Repository files navigation

Application is used to extract phone numbers and path to logo from webpage represented by provided url.

Before running the script install all necessary modules which are listed in requirements.txt. You can do it by running command:
$ pip install -r requirements.txt 


extract.py is a entrance point of the application. Script expects url to the website to be passed as the first program argument.
Example of running the script:
$ python3 extract.py https://contact.pepsico.com/pepsi

Program has two lines of output. First one contains phone numbers found on the webpage and the second one contains
url to the logo used in the webpage. If program found no phone numbers on the webpage, output of the first line is None.
If program found no logo url on the webpage, output of the second line is None.
Example output:
(800) 433 2652, 1 800 433 2652, 1 833 548 0119
https://contact.pepsico.com/pepsi/files/pepsi/brands/1692797414/Pepsi_New_Logo@2x.png


Phone number extraction is done by collecting all possible phone numbers from the page. This phone numbers 
are then processed in two phases:
	1) While collecting numbers we collect numbers prefixes as well.
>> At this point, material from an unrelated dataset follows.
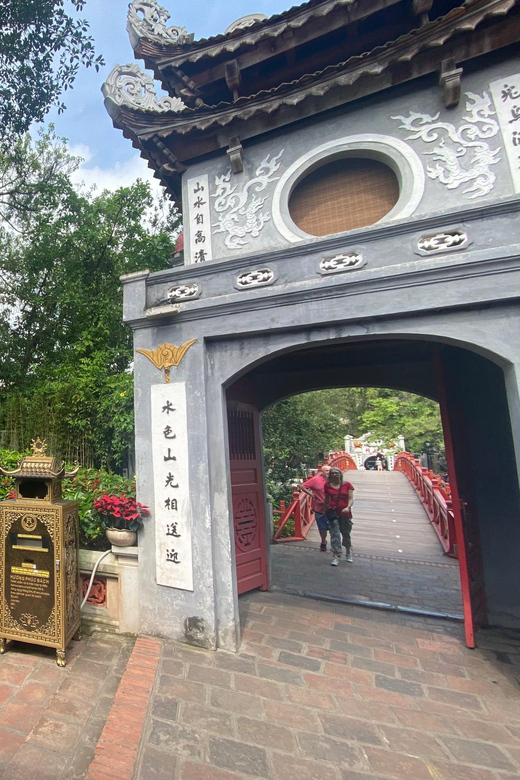 Walking Tour in Hanoi Old Town - Local Guides and Stories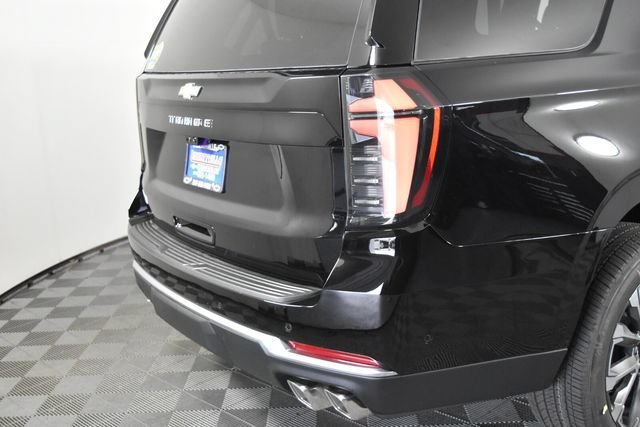 New 2026 Black Chevrolet High Country image 8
If prefix contains some of the key words like
	   "Phone", "Tel" or "Fax" number is accepted as the phone number.
	2) All numbers that are not accepted in the first stage continue to the second stage.
	   Here we apply number of filters on numbers trying to filter out phone numbers from other types of numbers.
	   For example we filter out dates, decimal numbers, numbers to short to be a phone number and so on.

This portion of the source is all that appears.